* [Assigned task]: All entries must be repeated exactly; do not include the pictures.

[Opening Material provided section]

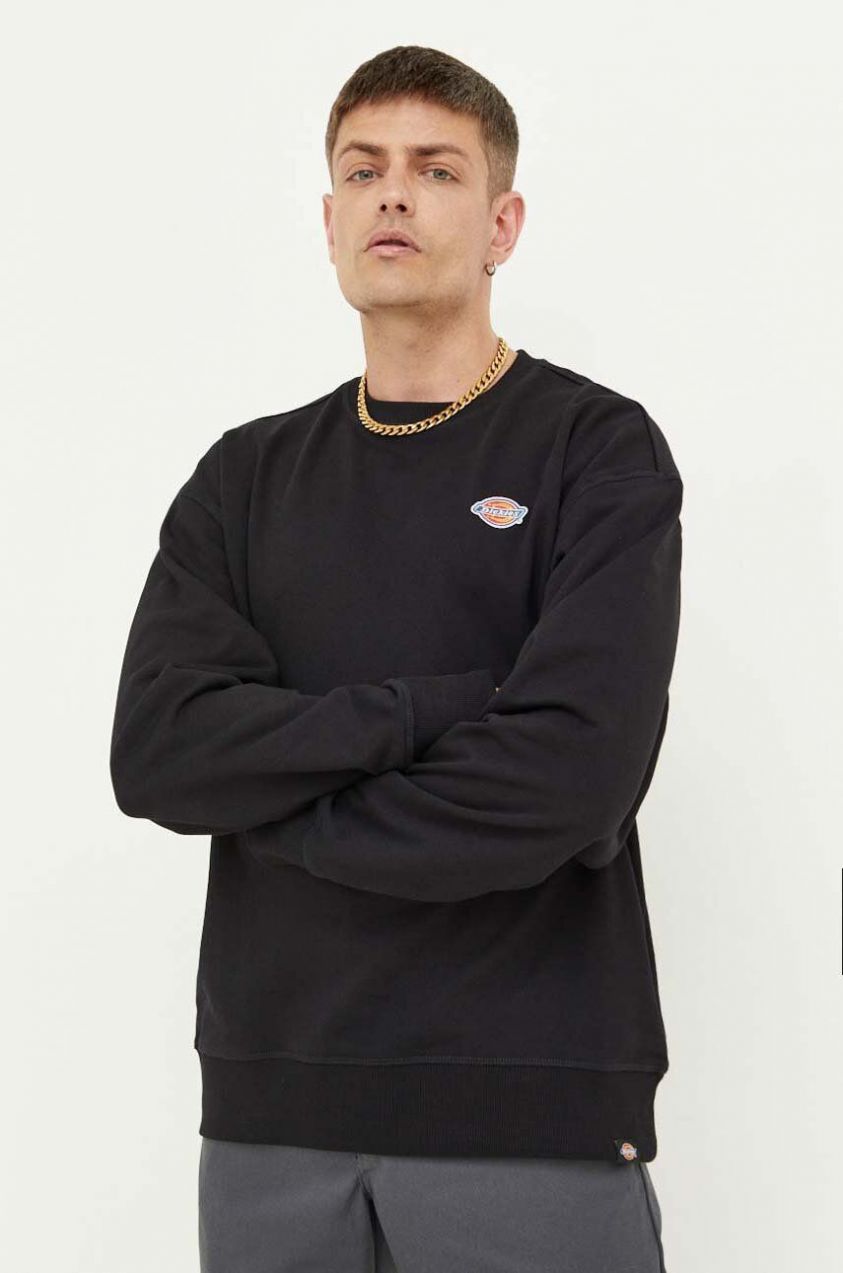 Bavlnená mikina Dickies pánska, čierna farba, jednofarebná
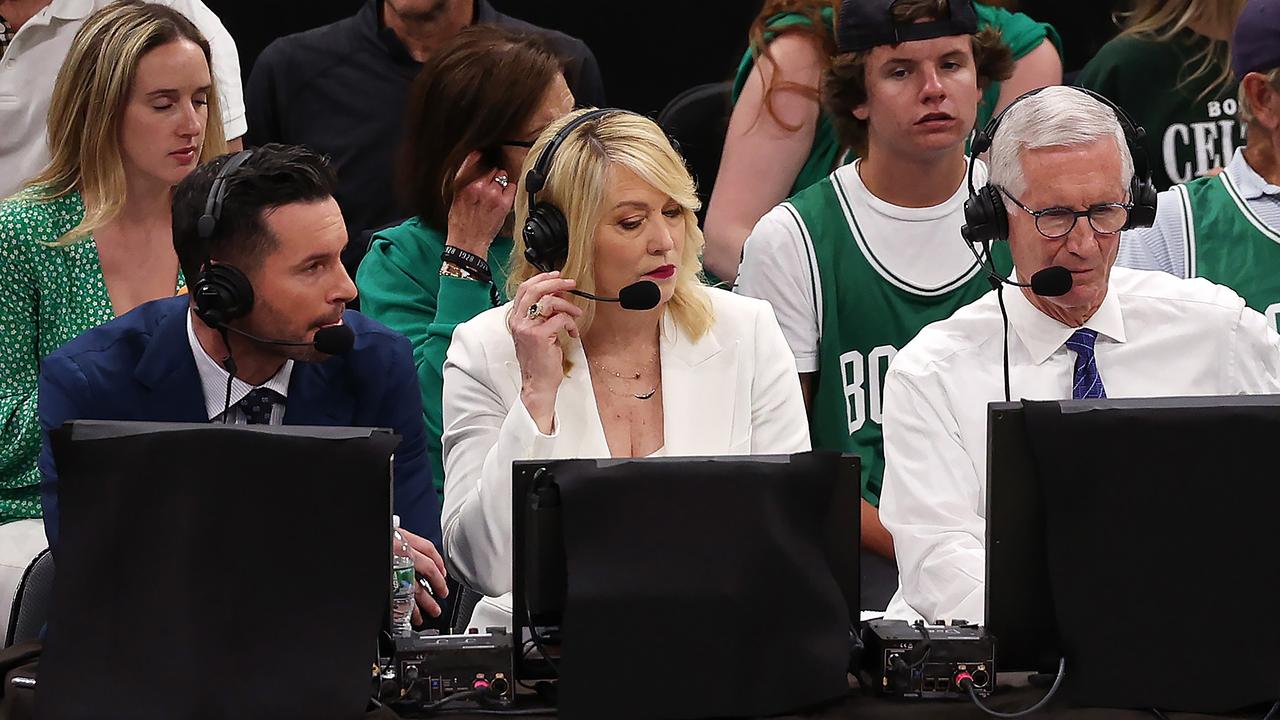 ESPN broadcasters JJ Redick, Doris Burke, and Mike Breen. Photo by Elsa/Getty Images
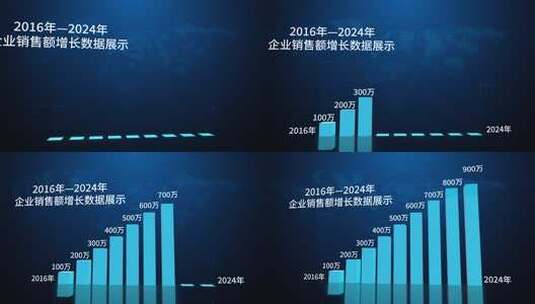 科技感数据柱状图汇报展示高清AE视频素材下载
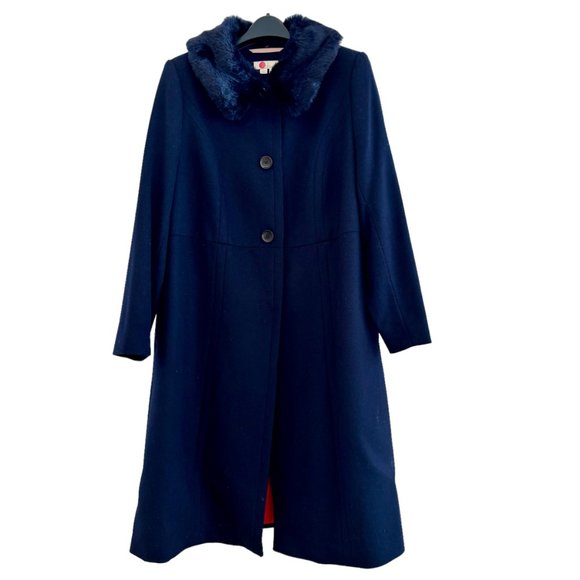 Boden Austen Coat Navy Blue Wool with Removable Faux Fur Trim Collars Size 16R - Picture 8 of 14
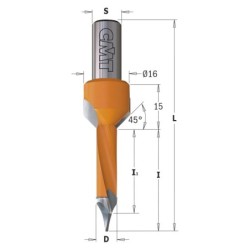 Tüüblipuur, versengiga, läbiv HM D-5x35x70 S-10x20 RH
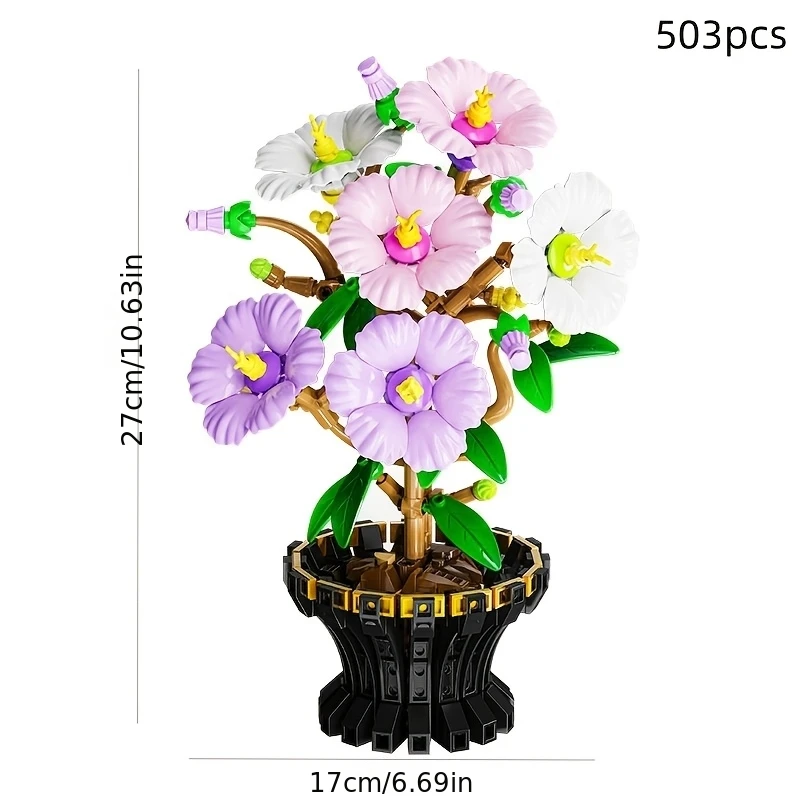451pcs, 599pcs, 503pcs, 450pcs, Assemble Puzzle Building Block Flowers: Plum Blossom, Bird of Paradise, Hibiscus, Chrysanthemum view 4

[Closing Material provided section]

* [Response area]:
 Bavlnená mikina Dickies pánska, čierna farba, jednofarebná
 ESPN broadcasters JJ Redick, Doris Burke, and Mike Breen. Photo by Elsa/Getty Images
 科技感数据柱状图汇报展示高清AE视频素材下载
 Boden Austen Coat Navy Blue Wool with Removable Faux Fur Trim Collars Size 16R - Picture 8 of 14
 Tüüblipuur, versengiga, läbiv HM D-5x35x70 S-10x20 RH
451pcs, 599pcs, 503pcs, 450pcs, Assemble Puzzle Building Block Flowers: Plum Blossom, Bird of Paradise, Hibiscus, Chrysanthemum view 4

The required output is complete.